All,
I was hoping to get some comments on our proposed design and get some insight into how others have handled similar use cases.
Within our silos there is a stateful grain representing each entity within our system (for example aircraft). We need some way of allowing the user to query for entities of a particular type. Since these grains may be active or not we were thinking of allowing the grains to write out some meta data to a db that allows queries to get the corresponding grain Id. Once we have the correct grain id we would then get the complete data for the entity via rest api > orleans client > grain call.
We are not big fans of having 2 different DBs (a NOSQL for grain state & different DB for meta data) due to consistency issues, so we have been trying to figure out some way to allow basic queries on the grain state db. In order to do this we were thinking about writing a Cassandra storage provider that would save scalar values that we want to query on as well as the full grain state is a blob.
@galvesribeiro here is what we were talking about the other night on gitter.
@dsarfati That sounds like what relational provider would allow (see the script for an example), unfortunately I'm a bit stalled on thinking how to best test it.

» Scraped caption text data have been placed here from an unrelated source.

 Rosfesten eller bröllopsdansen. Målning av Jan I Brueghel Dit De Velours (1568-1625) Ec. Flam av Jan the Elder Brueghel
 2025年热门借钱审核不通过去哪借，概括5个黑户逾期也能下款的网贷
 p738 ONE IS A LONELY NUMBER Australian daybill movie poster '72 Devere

@dsarfati good question. Today we don't have support to query grains from a catalog... The only way to do that, is if you have 1 grain to behave as a catalog, and some methods in it that allow the query to happen. One of the major problems I see, is that expressions can't be serialized today... (yes, there are some crazy nugets mentioning they do that with json but, please be careful)
I would love to see something like IGrainCatalog.Grains.OfType<IMyGrainType>().Where(g => g.SomeProperty == "someValue").ToList()

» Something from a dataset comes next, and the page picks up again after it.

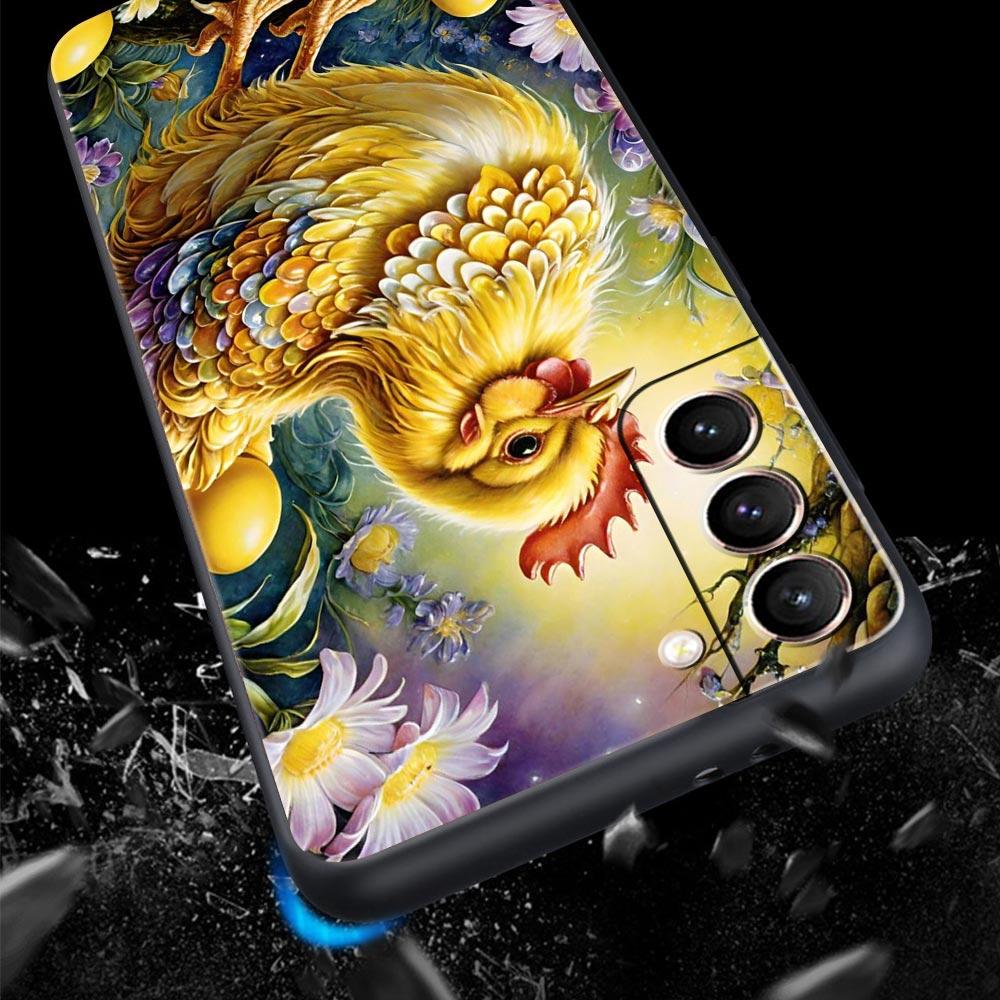 Cock Rooster Chicken Phone Case For Samsung Galaxy S26 Ultra S25 Plus S24 FE S23 S22 5G S21 S20 Cover Black Soft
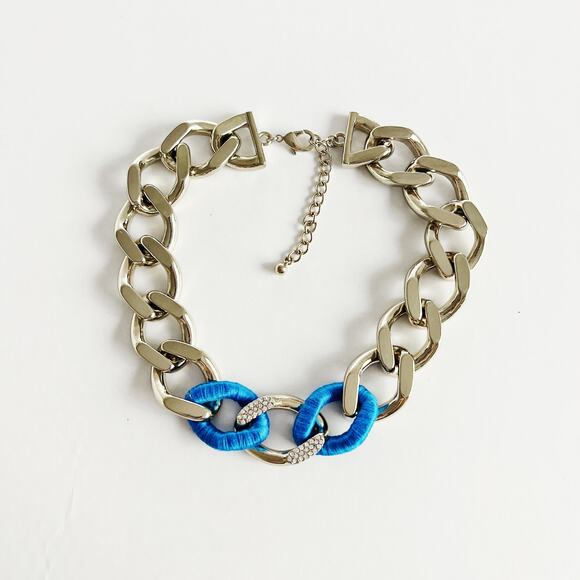 [Gold & Blue] Chunky Chain Link Necklace Rhinestone Crystal Accents - Picture 1 of 5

We had a discussion in the past on how to make that query possible but we struggled on how to make IGrainCatalog to not be a bottleneck when querying...

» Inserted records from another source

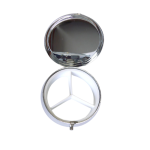 Boîte à pilules acier chromé à trois compartiment diamètre 50mm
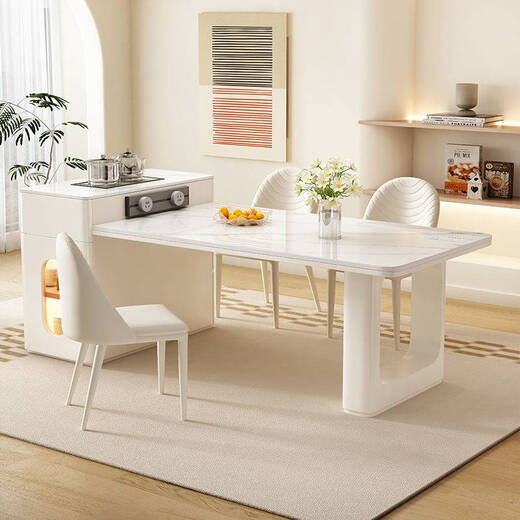 Pupan cream style slate island dining table tea table integrated retractable home small apartment light luxury modern restaurant dining table 1.4+0.4 meters fixed socket white + glossy snow mountain white island dining table flat style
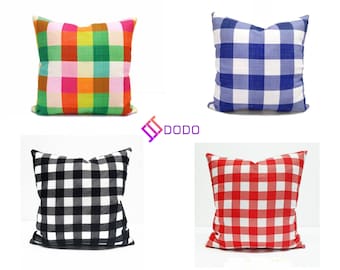Gingham Check Pillow Cover, Buffalo Plaid Throw Cushion, Tartan Decor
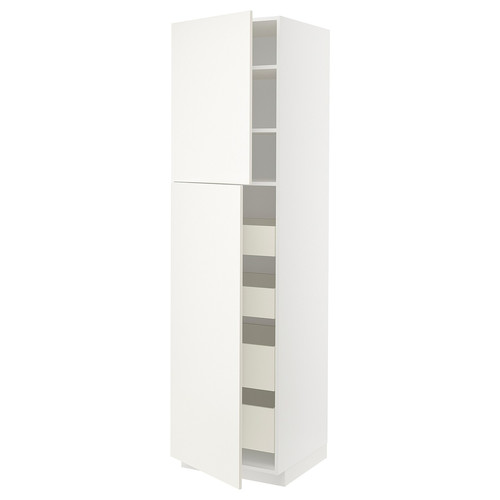 METOD / MAXIMERA Hi cab w 2 doors/4 drawers, white/Veddinge white, 60x60x220 cm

@galvesribeiro We were thinking of creating our own DAO what would be able to serialized with the normal orleans serializers. We were thinking of creating a grain catalog so we could treat it like a normal grain however I'm not sure how to to store the grains within? DB? Dictionary?? We have a prototype that has a simple dictionary inside that keeps track of all the grain ids.
Store the class is not a problem. As long as it is serializable by your storage providers its ok... What I mean is how to ship a lambda expression across Silo's boundaries... That is where expression serialization comes up... For instance if you have a grain like this:
public interface ICategoryGrain : IGrain
{
Task<IProductGrain> SearchProducts(Func<IProductGrain> predicate);
}
That would hit the first block, which is having the predicate (the expression tree) serialized... After you get that sorted out, still the problem on how to reliably query Orleans' Grain catalog globally across the cluster, and execute that predicate. That query can (and will) fan out to multiple nodes of the cluster and must respect the turn based threading model of Orleans' Task Scheduler which means that some side-effects may happen like slowing down new activations while a query is being executed...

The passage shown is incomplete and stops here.